• **WHAT THE EXERCISE ASKS**
Output, exactly as written, the lines below from the one that has "Olivenorma Natural Crystal" through the one that has "Vintage Pine Box"; nothing else, and no pictures.
(Beginning of PROVIDED DATA)
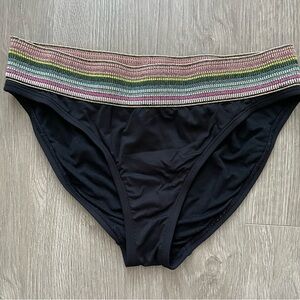 Gibson Latimer Black Bikini Bottom with Colorful Waistband
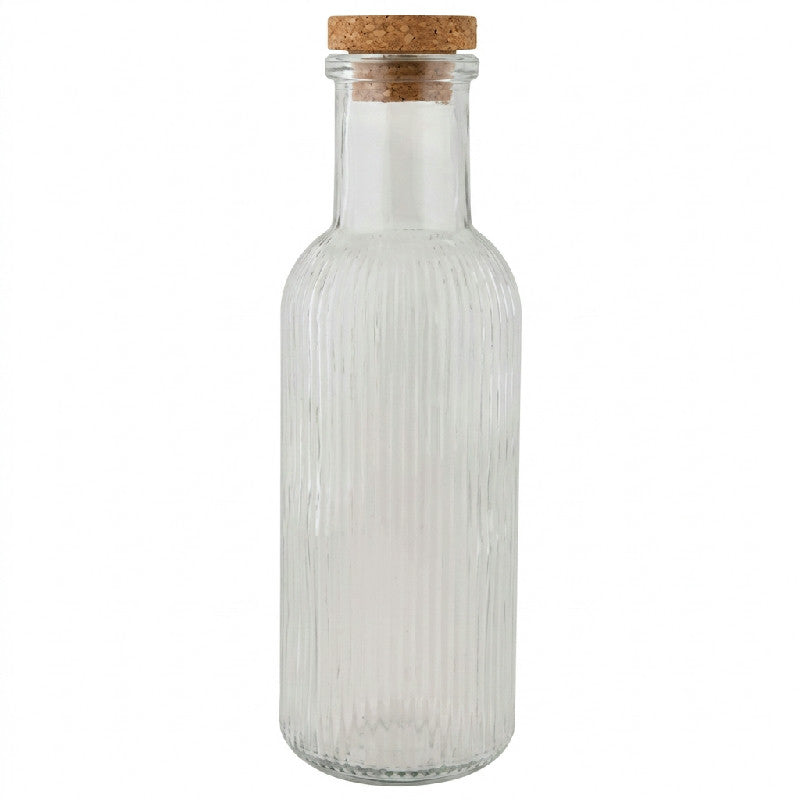 Transparent glasflaske med korkprop fra Cosy & Trendy, 1 liter, Ø8,7 x 27,8 cm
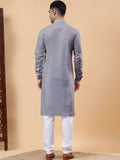 Yugnik Men's Beige Solid Pure Cotton Spread Collar Long Kurta Pajama Set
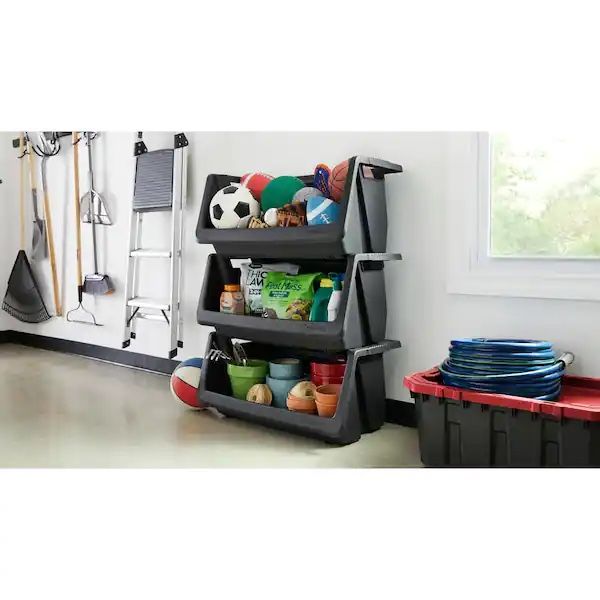 Stackable Storage Bin in Black Shelves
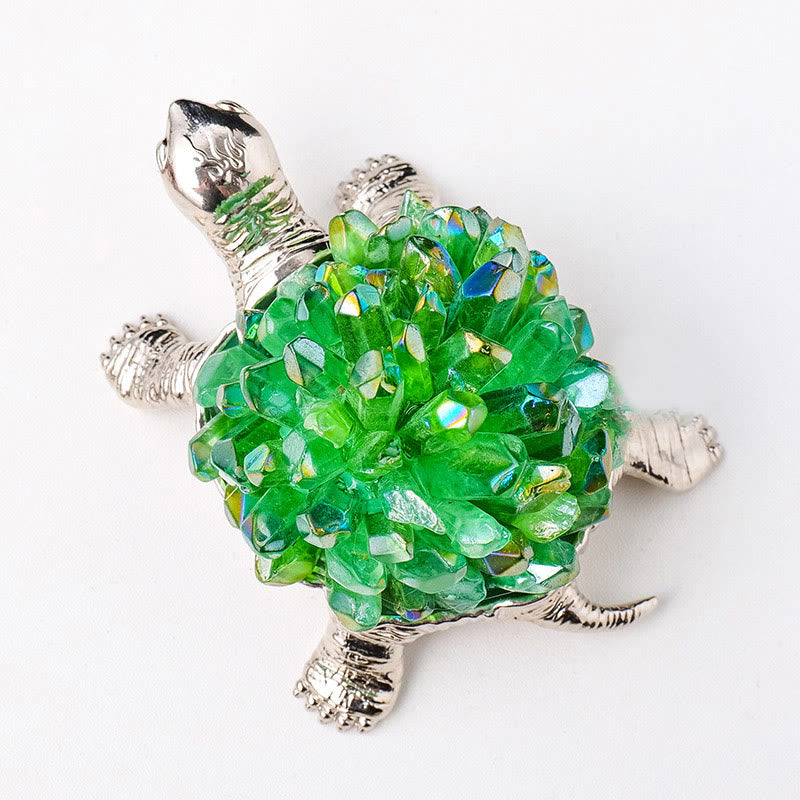 Olivenorma Natural Crystal Cluster Turtle Ornament Lamp Gemstone Decoration - Electroplated Green Crystal Cluster Without Lamp - image 25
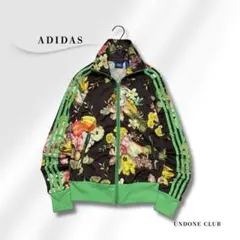 adidas 総柄 フラワー トラックジャケット トレフォイル ジャージ 花柄
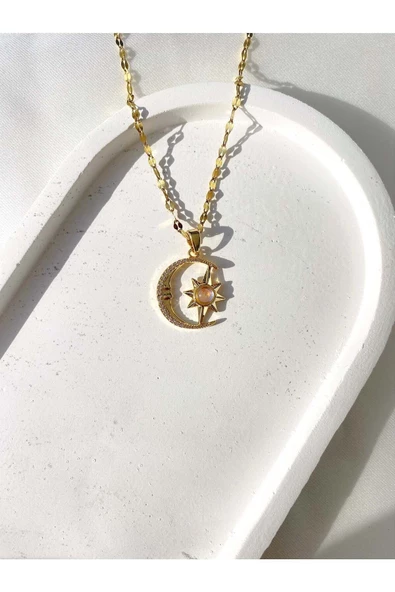 Kadın Paslanmaz Çelik Opal Taşlı Gold Hilal Yıldız Kolye Kolye Aksesuar Şık Takı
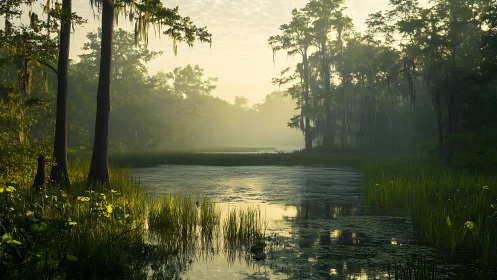 Photorealistic misty cypress wetland with reflective water surface.
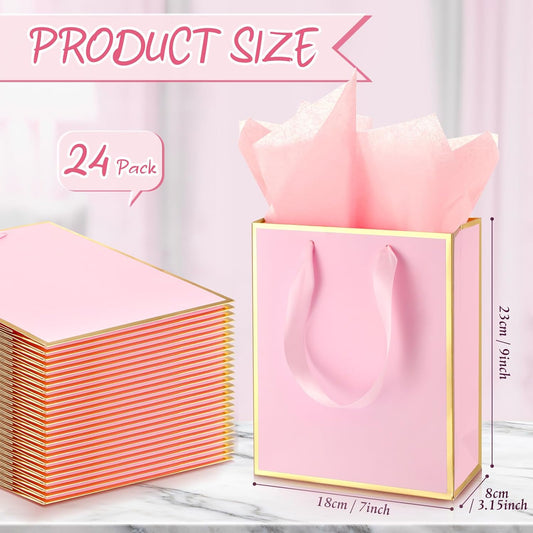 24 Pack Metallic Paper Gift Bags with Handle and Tissue 9x7x3.1 Gold Foil Welcome Thank You Favor Bags Return Gifts for Wedding Graduation Bridesmaid Groomsmen Birthday(Pink Gold)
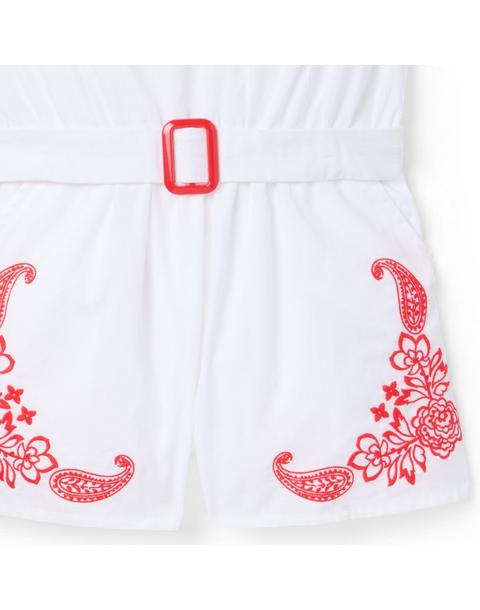 Embroidered Paisley Romper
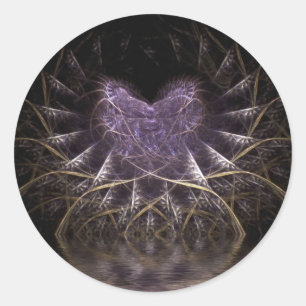 Lila Heart Round Stickers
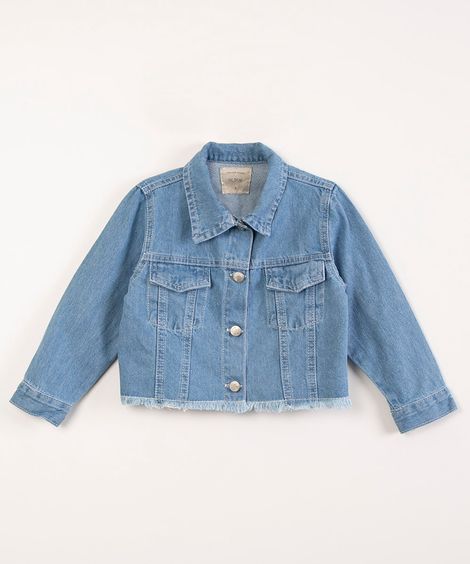 jaqueta jeans cropped barra desfiada azul médio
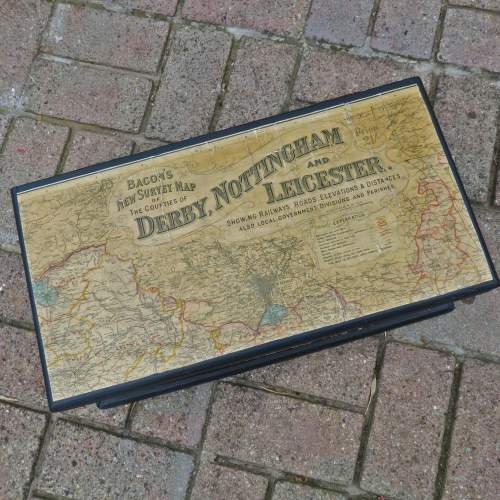 Vintage Pine Box Upcycled with Early 20th Century Map Fragments image-2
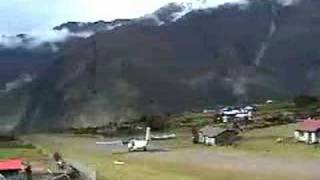 preview picture of video 'Lukla Airport Nepal Airstrip 1999 gravel tarmack'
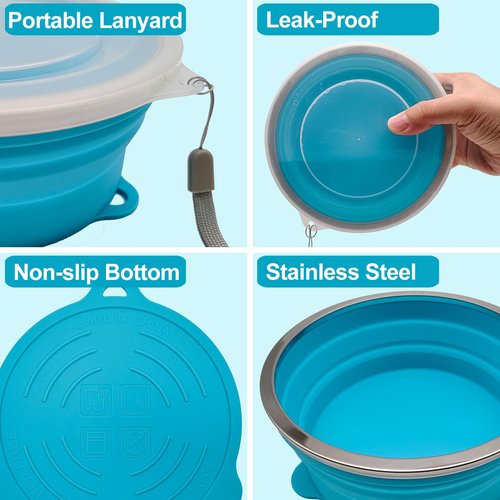 Cagelya Mess Kit for Camping Silicone Collapsible Bowl Collapsible Cup and Stainless Steel Spoon for Backpacking Outdoor Hiking Traveling and Picnic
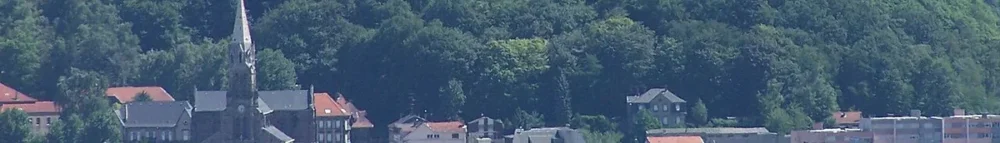 Schlossberg Hill and downtown Forbach, a border city of Moselle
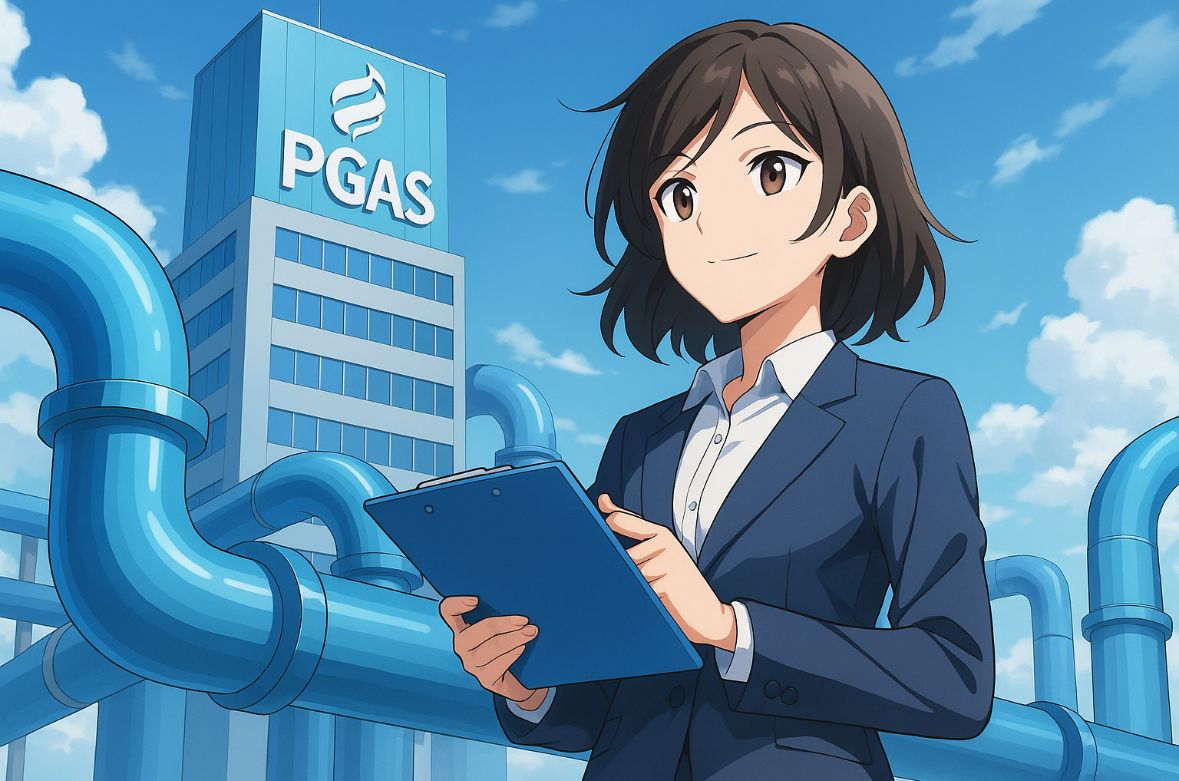 Update harga saham PGAS hari ini sambil menanti gebrakan hasil rapat DPR terkait gas, LNG, dan potensi kenaikan harga saham PGAS. Gambar dibuat oleh AI untuk KabarBursa.com.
(End of PROVIDED DATA)
• **RESPONSE TO THE EXERCISE**
 Olivenorma Natural Crystal Cluster Turtle Ornament Lamp Gemstone Decoration - Electroplated Green Crystal Cluster Without Lamp - image 25
 adidas 総柄 フラワー トラックジャケット トレフォイル ジャージ 花柄
 Kadın Paslanmaz Çelik Opal Taşlı Gold Hilal Yıldız Kolye Kolye Aksesuar Şık Takı
 Photorealistic misty cypress wetland with reflective water surface.
 24 Pack Metallic Paper Gift Bags with Handle and Tissue 9x7x3.1 Gold Foil Welcome Thank You Favor Bags Return Gifts for Wedding Graduation Bridesmaid Groomsmen Birthday(Pink Gold)
 Embroidered Paisley Romper
 Lila Heart Round Stickers
 jaqueta jeans cropped barra desfiada azul médio
 Vintage Pine Box Upcycled with Early 20th Century Map Fragments image-2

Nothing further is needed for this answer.